The generators probably didn’t feel too threatened by that soliloquy. The showdown seemed to fall short of a face-to-face confrontation. Action may be all they will respond to.

As he ramps up the rhetoric, Davis and the state are also moving in seemingly contradictory fashion, toward both keeping the lights on at all costs and turning out the lights to keep costs down.

The new Field Poll indicates that most Californians continue to view the present crisis as a phony one, manufactured by energy companies to manipulate prices. This will make it difficult for the governor to achieve his conservation goals, which a top state official told the Weekly several weeks ago are higher than announced. All of which leads to the plan for scheduled blackouts rather than rolling blackouts.

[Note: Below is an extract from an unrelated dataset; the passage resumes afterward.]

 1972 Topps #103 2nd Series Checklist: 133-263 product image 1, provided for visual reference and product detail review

The idea, first proposed months ago by Los Angeles Times columnist Pete King, has been codified into a proposal by UC Irvine economist Pete Navarro and the United Consumer Action Network. As part of the deal, California, along with Oregon and Washington, would not buy power beyond a certain price. The idea is gaining steam.

This amounts to rationing, so Davis is — after his fashion — letting others get out front. Those others include Assembly Speaker Bob Hertzberg (D–Sherman Oaks), Senate energy committee chairwoman Debra Bowen (D–Marina del Rey), a number of Republican legislators and, in what might be a surprise to the Davis team, Republican gubernatorial candidate Bill Jones, who is now running relatively close to Davis in private polls. The Independent System Operator, manager of the state power grid, now controlled by Davis appointees, is easing into it by beginning 24-hour blackout forecasts at the end of May.

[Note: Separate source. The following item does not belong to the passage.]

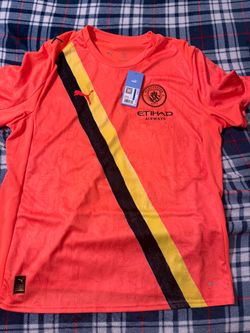 New Manchester City Puma Men’s Away Jersey Size XL Orange / Yellow / Black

Meanwhile, as the politics of scarcity move forward, so do the politics of supply. The new generation Davis predicts for the summer is falling short, so new energy-construction czar Dick Sklar, a former U.S. ambassador to the Balkans rebuilding effort, has convinced the governor to let diesel generators run to keep the lights on during Stage 3 power alerts. This could lead to major air pollution and public-health impacts. Customers with the largest diesel generators would be paid well — 35 cents per kilowatt hour — with no review from the PUC.

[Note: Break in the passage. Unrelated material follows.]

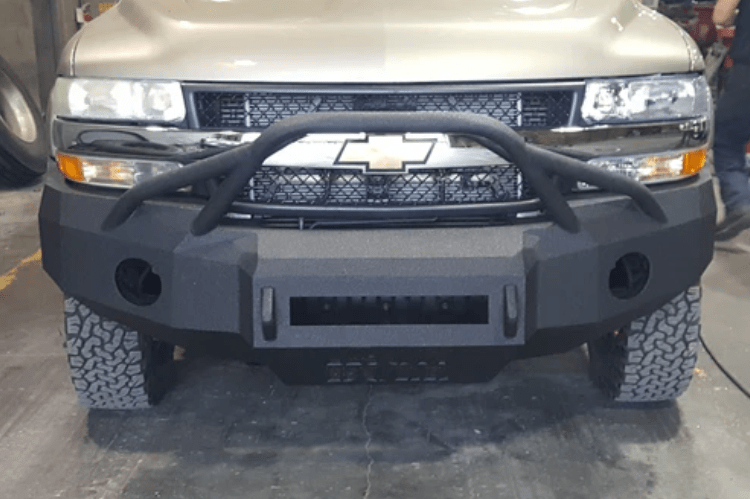 Iron Bull heavy duty front bumper for 2000-2002 Chevy Silverado 2500/3500, rugged steel design for maximum protection and upgrade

As the clock ticks down on the troubled deal to bail out Southern California Edison, with no solution yet emerging, Davis is back to trying to get angry alternative power generators, most of them stiffed by the utilities from November to April, to come back online and increase production for the summer months. His newly appointed emissary, former L.A. Assemblyman Richard Katz, told them that they would have to get on board the Edison bailout. This did not endear him to the alternative generators, many of whom loathe the big utility and hope it goes bankrupt.

One thing that has been accomplished is that Davis has moved decisively to remedy any shortfall of spin controllers and Edison alumni. He has replaced his recently departed communications director, former San Jose Mercury News political editor Phil Trounstine (who told the Contra Costa Times that he would not continue advising Davis as a friend, but would be “moving on with my life”), with two Clinton-Gore damage-control experts, Mark Fabiani and Chris Lehane. The two men, who have been working for Edison promoting the bailout deal, will each be paid $15,000 per month, which is more than Davis makes. Davis also hired former Gore deputy chief of staff Nancy McFadden to replace staff director John Stevens, who told friends that working with the governor had left him “disappointed.”

With all this, is it any surprise that L.A.’s soon-to-be-on-the-loose, super-rich mayor is thinking of running for governor? Dick Riordan gave an interview late last week to the National Journal in which he acknowledged that he is seriously contemplating a campaign. And several Riordan friends have said in the last few days that he is indeed thinking very seriously about taking on the wounded Davis. “He got a great response to his endorsement of Antonio Villaraigosa and had a ball doing it,” one says. Another, however, doubts he will, because of his age and preferred lifestyle-tempo.